My Lords, in 2012 we passed the Protection of Freedoms Act, which allowed all those men convicted under the Labouchere amendment of 1865 and similar homophobic laws to apply to have their convictions disregarded. Some 75,000 men were convicted under these Acts; 16,000 of them are still alive and may apply to have their convictions disregarded—around 200 already have done so. However, 59,000 similarly convicted men are now dead, and the Protection of Freedoms Act makes no provision for them.
At every opportunity since the passing of this Act, I have tried to do something about this—quite often at 10 pm at night.
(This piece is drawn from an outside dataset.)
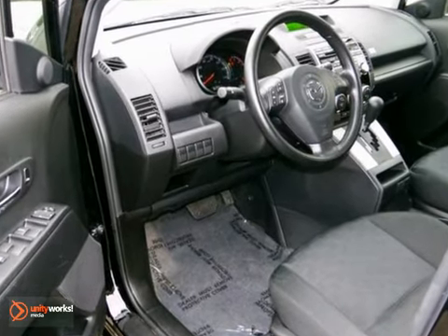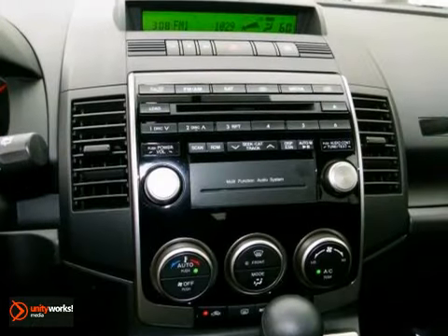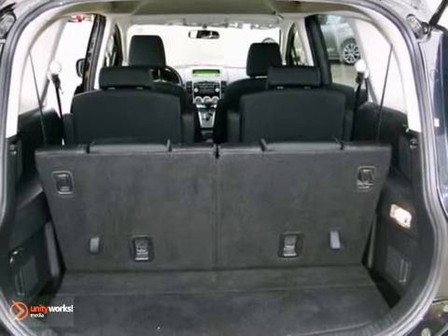It isn't intimidated by lots of gear either. You can just keep packing stuff inside of its cavernous interior space and it'll just keep asking for more. Come in and take a look at it for yourself.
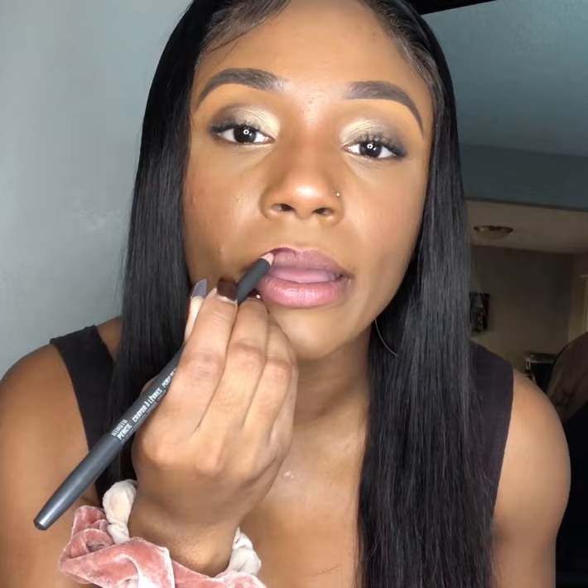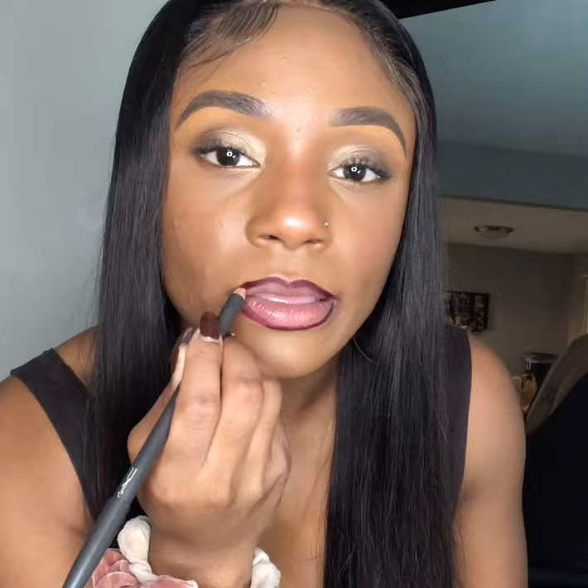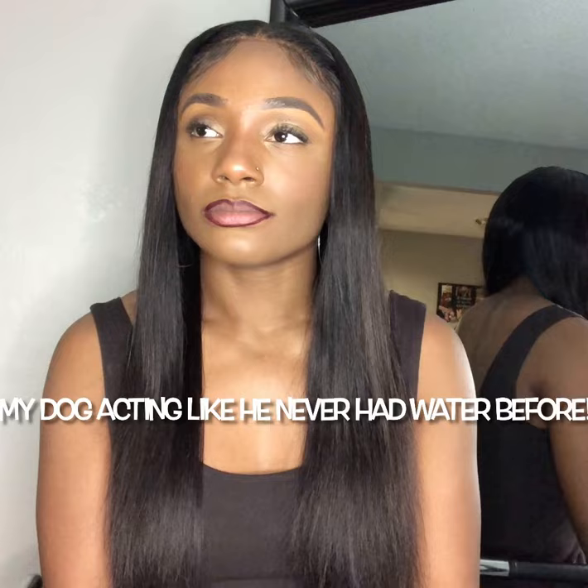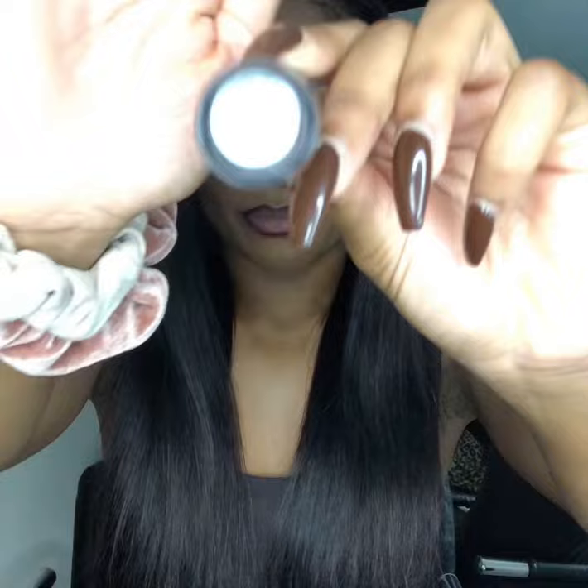I'm going to be experimenting with these other combinations that I think go well with my skin. I have the MAC Night Moth pencil. As you can see, this is more of a purple, less on the red side like Chestnut. We're going to go in with some more lip glass by MAC in the shade Low Cut.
I have tried to amend the Act so that the applications for disregard can be lodged for those now dead as well as for those still living. This seems to me a matter of elementary justice, fairness and equal treatment, and a matter of granting comfort to the families and friends of those convicted but now dead. It is a matter of providing public recognition of a wrong done. It would bring an appropriate closure to a long-running injustice against homosexual men.
In Committee on the Bill, I tried again to do this, to bring about equality of treatment for the victims of our past homophobic laws for the living and for the dead. Once again, the Government felt unable to agree and put forward two arguments. The first was that the intention of the disregard for the living was essentially practical. It was to enable convicted individuals to get on with their lives without the stigma of the disregarded offence. Since the last convictions were more than 40 years ago, this will have had a welcome, but very limited, effect. In any event, this is surely only a part of the purpose of the disregard. It overlooks the comfort provided to families, friends and lovers and it overlooks the public recognition of the wrongs done to those men.
The Government’s second argument seemed to have more force. They were concerned that extending the disregard would place a disproportionate burden on public resources. For example, they were concerned about the cost and time involved in finding records that predated the establishment of the National Policing Improvement Agency’s central database. However, in rejecting my amendment, the Minister agreed to facilitate meetings with the Home Office and the Ministry of
Justice to discuss the matter. I was very grateful that these meetings took place last Tuesday and Thursday, during which it became clear that the Home Office officials’ concerns about disproportionate time and costs in extending the disregards had three basic components. The first was the danger of being overwhelmed by bulk applications. The second was the sheer difficulty in finding older records; it was pointed out to me that there was no central database for very old records, some of which may be held in local police stations or may not exist. Even if they did exist and were found, they might not contain sufficient information to qualify a person for a disregard. The third problem was the danger of spoof applications—in other words, applications lodged on behalf of an allegedly deceased person while that person was still alive. It was extremely helpful to have these concerns explained, for which I owe a debt to the Minister and to his officials.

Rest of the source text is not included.